On January 15th, the Bureau released its most significant report on data portability to date, complete with something regulators rarely provide: actual dollar figures. The findings should grab the attention of every executive in Canadian financial services.
The Numbers Don't Lie
The report focused on insurance as a case study, but the implications extend far beyond home and auto coverage.
The Bureau estimates that proper data portability in the insurance sector alone could save Canadians between $1.1 billion and $3.8 billion annually. About $1.57 billion would come from people switching to cheaper plans. Another $2.26 billion represents the value of time saved from not re-entering the same information across multiple platforms.
Extrapolate that across banking, telecommunications, and healthcare, and you're looking at a fundamental shift in how Canadians interact with service providers.
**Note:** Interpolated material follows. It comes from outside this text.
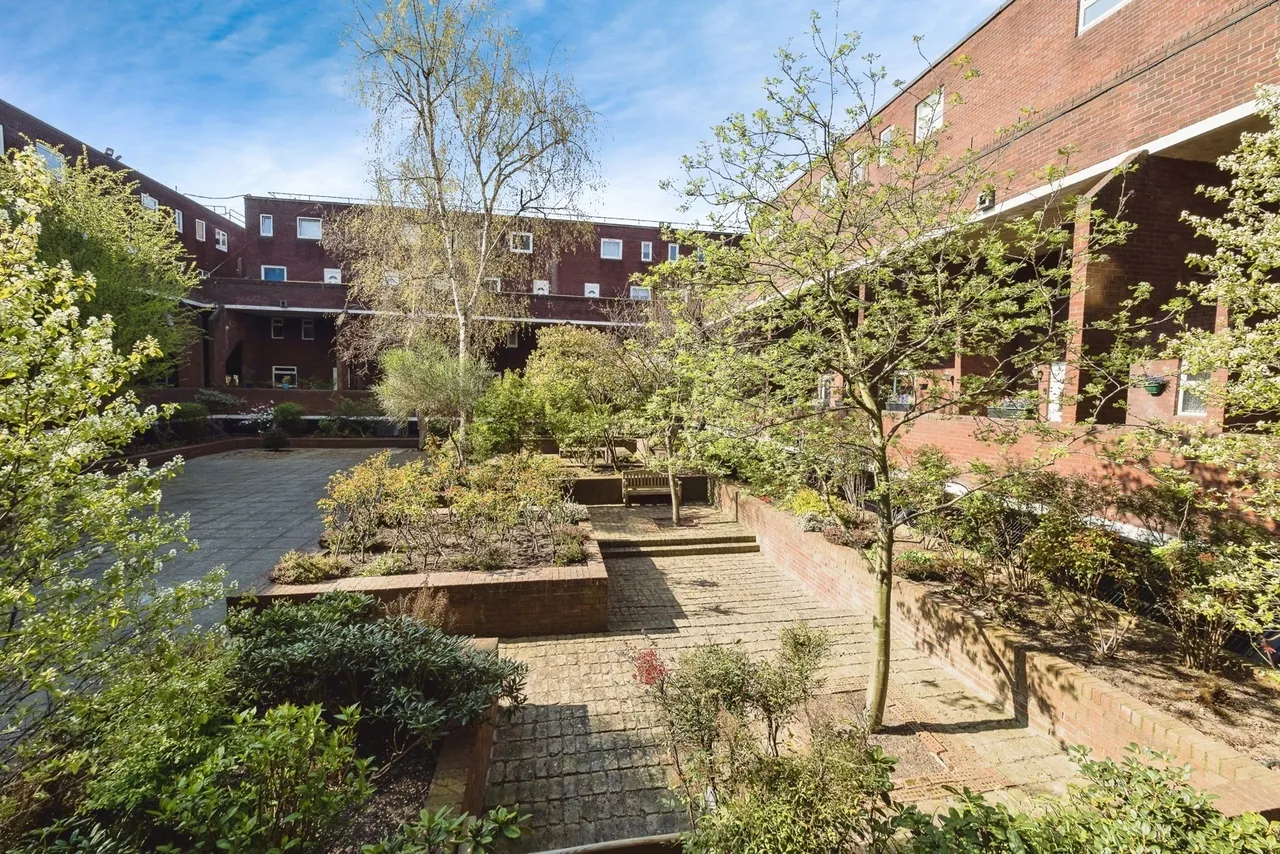 Tamar Square, WOODFORD GREEN, Essex, IG8, photo 13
Here's the uncomfortable truth for incumbents: the Bureau's research found that only one in four Canadians actually switches providers, even when better options exist. The average Canadian could save $1,860 per year simply by renegotiating or switching. But the friction of moving data creates what economists politely call "consumer inertia."
The rest of us call it a business model.
Why This Matters Now
This report didn't arrive in a vacuum. It landed alongside some significant legislative momentum.
The Consumer-Driven Banking Act, introduced as part of Bill C-15, establishes Canada's open banking framework, with the Bank of Canada taking oversight responsibilities. Implementation is targeted for early 2026, with write-access functionality (think: initiating payments and account creation) expected by mid-2027.
The UK provides a useful preview. Seven years after launching open banking, they now have over 11.7 million active users and process more than 22 million open banking payments monthly. Their experience suggests that early adopters capture disproportionate market share while laggards scramble to comply.

The Opportunity Hidden in the Mandate
For forward-thinking institutions, data portability is more than a compliance exercise. It's a customer acquisition strategy in disguise.
Consider the math: if switching becomes easier, institutions that offer superior products, faster service, and better rates will attract customers who were previously trapped by paperwork. The winners will be those who can onboard seamlessly, underwrite quickly, and deliver value from day one.
For mortgage lenders specifically, this shift could accelerate everything from application to funding. When a borrower's financial history travels with them, verification becomes faster, fraud detection improves, and the entire process moves from weeks to days.
The Bureau's report explicitly notes that Canadians want this. Their survey of over 3,000 people found strong support for data portability, though privacy concerns remain top of mind. Institutions that can demonstrate robust security alongside seamless experiences will have a significant advantage.
What Smart Executives Are Doing Now
The implementation timeline gives institutions roughly 12 to 18 months to prepare. That window is shorter than for most technology transformation projects, meaning decisions made in the next quarter will determine competitive positioning for the next decade.
Three priorities stand out:
First, assess your data architecture. Can your systems receive and send standardized data through APIs? If your infrastructure requires manual intervention for basic data requests, you're already behind.
Second, rethink your customer retention strategy. When switching costs drop, the only moat left is genuine value. What keeps customers with you when leaving becomes easy?
Third, consider your offensive play. Which customer segments are currently underserved by competitors who rely on friction rather than excellence? Those customers are about to become accessible.
The Bottom Line
The Competition Bureau's report isn't just a policy document. It's a preview of a market where customer data flows freely, switching costs disappear, and competitive advantage depends entirely on the quality of your offering.
Some will see this as a threat to existing business models. Others will see it as the most significant opportunity in Canadian financial services in a generation.